Article by Ceola Daly (Laidlaw Scholars 2020, TSM English and Drama)
This past summer I did an infield application of research that had me working with Dr. Miranda Fay Thomas as a Research Assistant. My time working with Dr. Thomas had two objectives; the first was to assist on their editing of an edition of a play called The Taming of A Shrew, sometimes considered to have Shakespearean authorship, and the second was to create an educational resource aimed at secondary school students. Both of these objectives taught me a lot about not just how I work as a leader, but how I work with others in general.
When working with Dr. Thomas, I was to do the research they assigned (books, articles, etc) as well as independent research I found relevant to the topic. At the end of the week I would send them on a document with a summary of relevant findings and discuss with them how this would alter the editing process. Because we were working with editing an old text, Dr. Thomas and myself discussed the nature and ethics of editing; we were now creating the text that students and scholars alike would use and quote from. Furthermore, A Shrew features problematic themes like violence against women, domestic abuse, and gaslighting – how were we to present this text to students? Although it may seem small, the responsibility of choosing what to cut and footnote in a play that features on educational syllabuses was not lost on us, and it made me realise the importance of addressing problematic messages in media whenever they appear. While blatant misogyny or racism is often obvious, a lot of the patriarchal structures in place operate implicitly everyday, especially in the literary and cultural canons that fill our schools and homes.

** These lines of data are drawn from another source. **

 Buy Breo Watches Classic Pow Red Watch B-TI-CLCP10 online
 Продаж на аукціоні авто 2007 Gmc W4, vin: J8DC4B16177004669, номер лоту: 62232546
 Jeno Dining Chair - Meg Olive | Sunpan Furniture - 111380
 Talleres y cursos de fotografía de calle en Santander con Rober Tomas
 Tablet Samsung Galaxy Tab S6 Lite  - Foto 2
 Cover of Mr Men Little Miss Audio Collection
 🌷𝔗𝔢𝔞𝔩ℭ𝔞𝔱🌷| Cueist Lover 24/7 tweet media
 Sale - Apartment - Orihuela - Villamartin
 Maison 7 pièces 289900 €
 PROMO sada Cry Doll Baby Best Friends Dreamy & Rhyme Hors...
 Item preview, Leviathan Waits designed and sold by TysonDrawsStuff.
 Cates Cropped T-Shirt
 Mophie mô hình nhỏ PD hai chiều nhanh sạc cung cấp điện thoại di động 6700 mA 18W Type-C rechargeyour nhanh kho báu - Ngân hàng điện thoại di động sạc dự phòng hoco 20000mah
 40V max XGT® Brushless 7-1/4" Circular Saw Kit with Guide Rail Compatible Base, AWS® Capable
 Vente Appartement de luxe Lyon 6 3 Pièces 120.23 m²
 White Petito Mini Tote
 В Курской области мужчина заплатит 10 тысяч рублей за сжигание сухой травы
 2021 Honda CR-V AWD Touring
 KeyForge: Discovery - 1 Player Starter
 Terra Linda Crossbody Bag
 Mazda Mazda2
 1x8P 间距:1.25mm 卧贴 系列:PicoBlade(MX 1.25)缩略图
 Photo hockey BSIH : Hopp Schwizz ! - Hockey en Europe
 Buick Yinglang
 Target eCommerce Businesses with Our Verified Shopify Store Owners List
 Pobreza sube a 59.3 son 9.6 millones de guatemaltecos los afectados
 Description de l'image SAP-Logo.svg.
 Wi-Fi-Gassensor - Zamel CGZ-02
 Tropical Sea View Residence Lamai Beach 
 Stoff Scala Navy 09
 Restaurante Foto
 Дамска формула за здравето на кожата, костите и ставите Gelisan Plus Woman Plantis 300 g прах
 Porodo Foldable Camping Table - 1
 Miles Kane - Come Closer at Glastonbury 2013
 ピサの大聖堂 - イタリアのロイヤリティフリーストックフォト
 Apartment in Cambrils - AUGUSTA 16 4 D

If these implicit forms of oppressions are not recognised from a young age, they become harder to recognise when we grow older. It was our job as the editors to identify the problematic elements of these texts.
As someone who wants to go into Early Modern academia it can sometimes be difficult to picture how ‘leadership’ fits into it. Why can’t I just read my plays and poems and be done with it? However, the conversations I had with Dr. Thomas have completely changed my perspective. Leadership isn’t always rousing speeches and leading huge teams of people, sometimes it can be having the power to identify and condemn oppressive societal structures. Furthermore, in such an old and male-dominated field, this can be a scary thing to want to do. Fears of ‘Political Correctness’ gone too far has created a divide in academic fields that sees progressive changes as insulting instead of necessary.
With this in mind, I worked on a set of infographics aimed at secondary school students that would show the importance of recognising gendered frameworks. Once drafted, I reached out to multiple different organisations that worked in Shakespeare, education, theatre, or a mix of the three. Unfortunately, I either didn’t hear back or was given rejections.
It was difficult to accept that what I had thought so important over the summer was difficult to get out into the public, but after talking with other Laidlaw scholars about their projects I realised that I do not have to measure my success within a given timeline. I reached out to DU Players and talked about my research and they offered me a part in their Theatre History festival later this term where I can talk about the importance of identifying implicit oppression in Early Modern texts. It is exciting and gratifying to know that what you think is important is worth pushing and fighting for, even if it took you a while to get there.